Christopher Hitchens: What if the Church’s own rules applied to it?

Well, that's an easy way to cop out. Blame the dead Pope.

Christopher Hitchens   September 14, 2010 – 8:40 am

Reading Diarmaid MacCulloch’s extraordinary and limpid new work Christianity: The First Three Thousand Years (a history informed by a general, if Anglican, sympathy for its subject), I came across the following passage from Cardinal John Henry Newman’s classic statement of belief, his Apologia Pro Vita Sua:

“The Catholic Church holds it better for the Sun and Moon to drop from Heaven, for the earth to fail, and for all the many millions on it to die from starvation in extremest agony … than that one soul, I will not say, should be lost, but should commit one single venial sin, should tell one wilful untruth, or should steal one poor farthing without excuse.”

In a few days, Joseph Ratzinger will make one of the most portentous voyages of his papacy, landing in Britain to announce the beatification of the author of those remarkable words. I am not writing about Catholic dogma today, and in any case do not have the space to discuss the hysterical, totalitarian fanaticism of Newman’s statement, coming as it does from a learned man celebrated for his relative “moderation.” I thought I would simply ask how the church would emerge if anything remotely like Newman’s criterion were to be applied to it.

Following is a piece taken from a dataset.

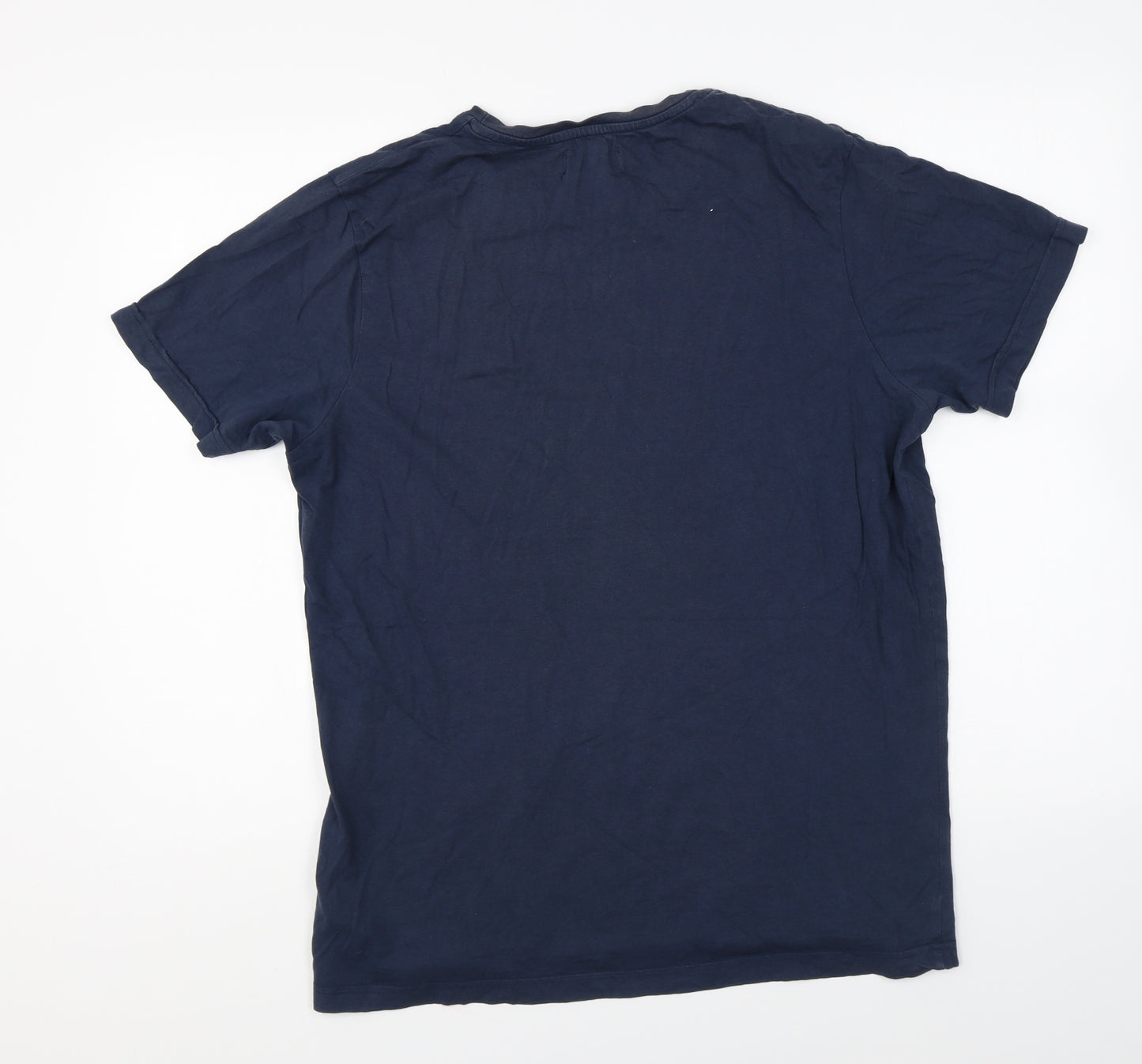 JACK & JONES Mens Blue Cotton T-Shirt Size L Round Neck - California Calling Lets Go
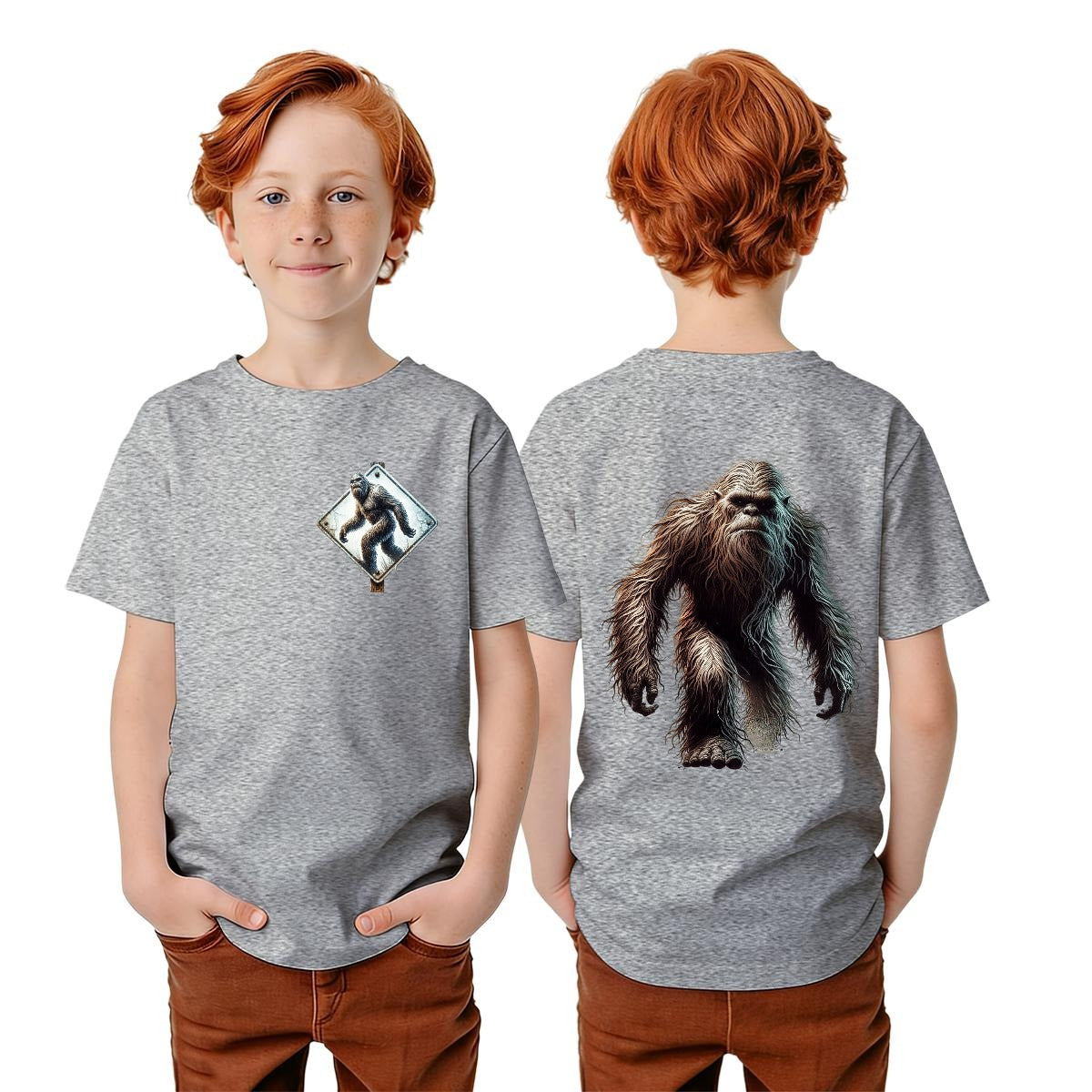 Bigfoot Sasquatch Designs, Kid’s Double Sided Gildan 5000B T Shirt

As we have recently been forcibly reminded, the Roman Catholic Church holds it better for the cries of raped and violated children to be ignored, and for the excuses and alibis of their rapists and torturers indulged, and for a host of dirty and wilful untruths to be manufactured wholesale, and for the funds raised ostensibly for the poor to be paid out in hush money and shameful bribery, rather than that one tiny indignity or inconvenience be visited on the robed majesty of a man-made church or any limit set to its self-proclaimed right to be judge in its own cause.

Earlier this year, as Roman Catholic authorities from Ireland to Germany to Australia to Belgium to the United States were being confronted with the fallout of decades of sexual assault and subsequent denial, I asked a simple question in print. Why was this not considered a matter for the police and the courts? Why were we asking the Church to “put its own house in order,” an expression that was the exact definition of the problem to begin with?

Why had almost no offending priest or bishop faced justice, and even then usually after a long period of protection from the church’s own “courts”? I followed this up with a telephone call to Geoffrey Robertson, a British barrister with a second-to-none record in international human-rights cases.